An idea pushed by North Carolina Senate Republicans to generate more public school construction money without additional borrowing has cleared a key committee, The Associated Press reports.
However, the proposal, which could mean $2 billion more for public school funding in the next nine years, isn’t enough to address the infrastructure gap and disparities in funding for poorer school districts, the Public School Forum of North Carolina says in a study.
The 2019 Local School Finance Study asserts that there is a need for more than $8 billion in “facility cost” funding, and the $2 billion Senate proposal, combined with a statewide $2 billion bond, are inadequate, presumably by 50 percent.
“With counties spending $3 billion on instructional expenses, or 24 percent of the total share of federal, state and local dollars, the Forum calls for a new funding model that either fully funds instructional expenses, as it is the state’s obligation to do so, or more directly fund public school capital expenses based on a county’s need and ability to self-fund,” the study says.

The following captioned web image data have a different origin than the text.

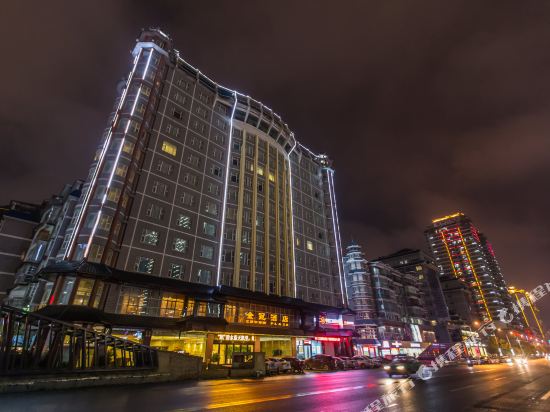 Jinguan Hotel - last minute hotel in Unknown City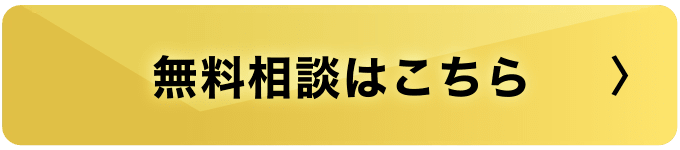 無料相談はこちら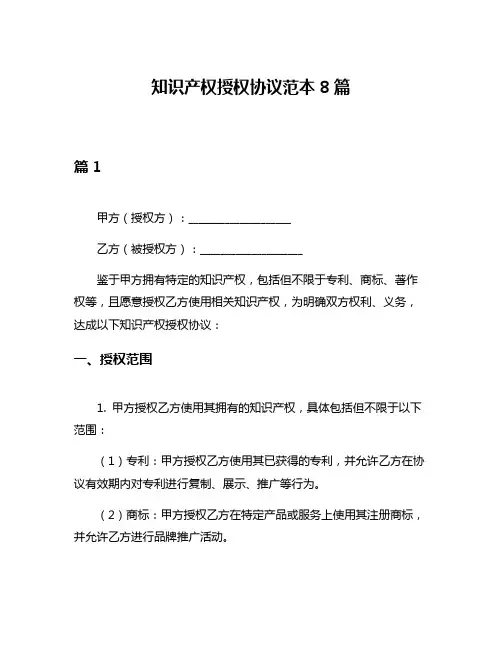 知识产权授权协议范本8篇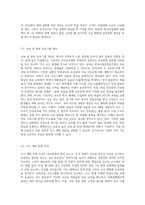 회사경영에 있어 안전보건 문제점과 대응방안-5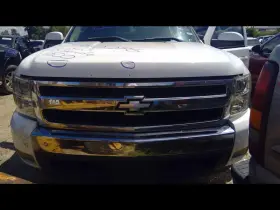 7206630 Chevrolet Used Antenna Fits 2008 Silverado 1500 Pickup Grade A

The Senate’s budget-writing panel voted on Feb. 13 for a measure to expand a recently created fund that pays down state debt and helps agency and university construction projects.
The legislation would direct a higher percentage of state revenues to the fund and also distribute proceeds to K-12 school and community college construction.
The bill still needs to be reviewed by another committee before it reaches a floor vote.